あの花が咲く丘で、君とまた出会えたら。のKeithKHのレビュー・感想・評価

4.0
現代の女子高生が太平洋戦争の終戦2か月前にタイムスリップし、出撃直前の特攻隊員の青年と出会い互いに惹かれ合いながら、戦争により引き裂かれてしまうという、ネットで評判になり、その後出版されてベストセラーになった小説の実写映画化が本作です。
戦時下敗戦間近の緊迫した状況下での、未来から来た女子高生と特攻隊員との時空を超えたラブロマンスという、よくありがちな既視感のするSF物語です。

もはや手垢のついた設定であり、抑々がタイムスリップドラマゆえに、ストーリー展開にはかなりムリと飛躍があって作り手の都合よく進められ、幾つもツッコミたくなるシーンばかりでもあります。
令和の今更、戦時下の純愛悲恋物でもないように思いますが、己の命を犠牲にして愛する人を守る話、決して報われない恋愛にも関わらず献身的に愛する人に尽くす話は、やはり純粋に心を打ち泣けてきます。

つい『野性の照明』(1978)の主題歌「戦士の休息」の歌詞が頭を過ります。
「ありがとう温もりを、ありがとう愛を、代わりに俺の命を置いていけたなら、男は誰も皆、無口な兵士、笑って死ねる人生、それさえあればいい」

百合の花満開の丘での二人のシーン、兵舎脇の月夜のシーン、長回しのカットが見事に効果的でした。更に空襲シーンは手持ちカメラで撮られた唯一のカットであり、緊迫感と危機感と恐怖感がスクリーンに溢れていました。
台詞は決して多くありません。福原遥扮する百合と水上恒司扮する彰の二人だけのシーンで奏でられる叙情的で哀愁に満ちたBGMが、二人の心情を台詞以上に伝えてくれます。
二人のシーンは、常に百合が上手に配される構図でしたが、最後の別れのシーンのみ下手に配されていたのも象徴的でした。
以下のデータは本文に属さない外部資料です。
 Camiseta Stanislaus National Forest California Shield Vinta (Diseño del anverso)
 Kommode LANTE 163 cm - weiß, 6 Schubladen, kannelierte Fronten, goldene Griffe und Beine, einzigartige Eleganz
エンドロールが流れる中、福山雅治の歌う主題歌「想望」が流れます。日本映画のエンディングで流れる曲で、これほど作品にフィットし、観賞後感を一層昂揚させる楽曲には久しぶりに出会いました。
想像通りの予定調和のエンディングでしたが、こういうシンプルな作りのベタな物語に偶に出会うと、素直に感動します。
エンドロールの数分間に観客席のすすり泣きを聞いたのも久しぶりで、それが心地良く耳に響きました。

このクソ面白くもない平穏な日常が、当たり前のように延々と続く今の、この一瞬一瞬を大切に生きていこうと、改めて思い至ったしだいです。